New Book from Associate Professor Meghan Manfra Guides Teachers Through the Cycle of Action Research

NC State College of Education Associate Professor Meghan Manfra

NC State College of Education Associate Professor Meghan Manfra, Ph.D., is helping practicing and pre-service teachers understand how to engage in action research that spans the educational ecology in a recently published book.

Action Research for Classrooms, Schools, and Communitiesis a research methods text that provides an overview of action research as an educational research methodology by synthesizing relevant literature and providing a step-by-step approach to engaging in the cycle of action research.

By engaging in action research, Manfra notes that teachers will have opportunities to both learn about themselves and contribute meaningfully to the knowledge base in educational research.

“The traditional approach to educational research has always been that an outsider studies classroom practice. What is very different and paradigm shifting about action research is that we’re relying on insider knowledge to help us understand what’s happening and what works,” she said.

The book emphasizes a middle ground between practical action research — which involves studying an everyday classroom issue to improve teaching and learning — and critical action research — which goes beyond daily practice to emphasize social change. By taking this approach, practitioners are able to consider how education can be impacted by the larger context of a school or community environment.
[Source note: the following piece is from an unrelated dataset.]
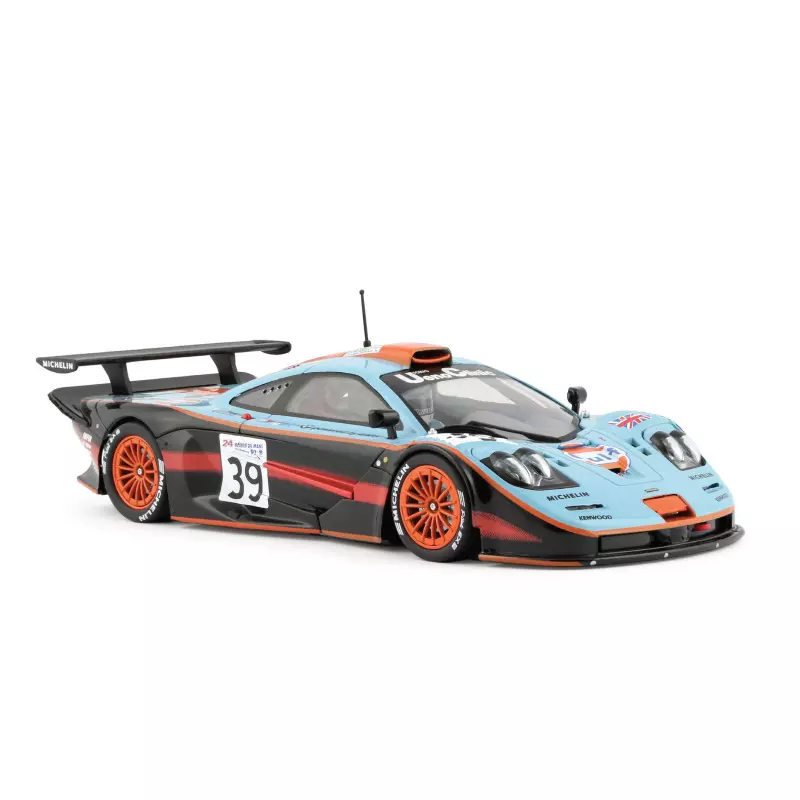 Slot.it CA10h McLaren F1 GTR n.39 Le Mans 1997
The book highlights the impact of these action research studies through vignettes, including one about a fourth-grade teacher who noticed that many of her students were leaving school 30 minutes before dismissal.

As part of her action research study, the teacher set aside time to interview students about their views on school and what motivates them to learn, hoping she could encourage more kids to remain in class for the entire day. What she discovered, however, was that students were not leaving because they were disinterested in what was happening in the classroom. They were being checked out early by parents who wanted to ensure they were able to secure a bed for the night at the nearby homeless shelter, which opened at 3 p.m.
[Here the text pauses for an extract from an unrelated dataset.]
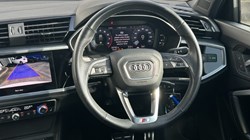 2022 (72) AUDI Q3 35 TFSI S Line 5dr S Tronic 5205554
“What I’ve found through working with teachers is that even a practical problem or practical action research study can often lead to really critical outcomes,” Manfra said. “When teachers engage in this type of research, their projects become more critical in scope and also have to take into account the social and cultural contexts of schooling.”
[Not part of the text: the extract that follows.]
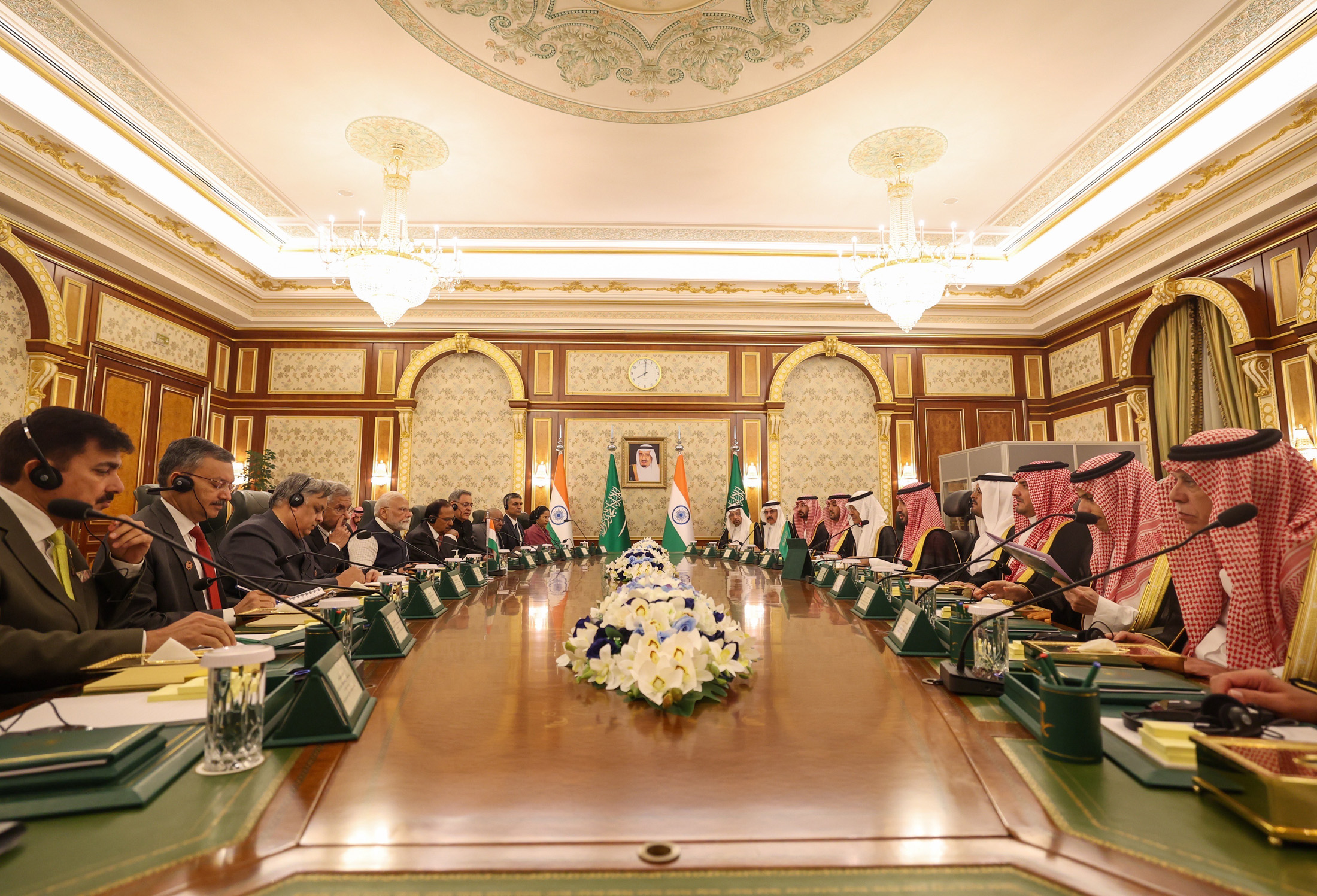 PM Visit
To help teachers engage in action research, the book provides a step-by-step guide to each of the five steps — problem posing, action, observation, reflection and sharing — in the action research cycle. In addition, each chapter includes guiding and reflection questions, web-based resources and practice activities that Manfra has used in her own courses.

The book also includes a series of “shortcuts” intended to help teachers who are new to action research begin the practice in a simple way, such as by keeping a daily journal to reflect on what happens in the classroom.

“If you’re not able to do a full action research study, recording what’s happening in the classroom and why you think it’s happening is one way to get into that cycle of reflection and inquiry. It’s adding one more thing to a teacher’s already busy day, but it does seem to be really fruitful for improving educator effectiveness,” Manfra said.

Three Takeaways from Action Research for Classrooms, Schools, and Communities

  • Practitioners should find a middle ground between practical and critical action research: “The day-to-day issues of practice cannot be separated from the complex contexts of educational systems. Exploring the seemingly mundane may reveal critical sociocultural issues. Often, both practical and critical concerns are interwoven across the classroom, school and community contexts.”
  • Change is the desired outcome of an action research study: “This change may include changing craft knowledge, changing educational practices and changing the culture of schooling. By its very nature, action research is defined by change.”
  • Action research can help all stakeholders make more informed decisions: “By reporting their findings to policy makers at the local, state and national levels, action researchers have an opportunity to shift the educational ecology. This work has profound importance for both the individual practitioner-research and the educational community as a whole.”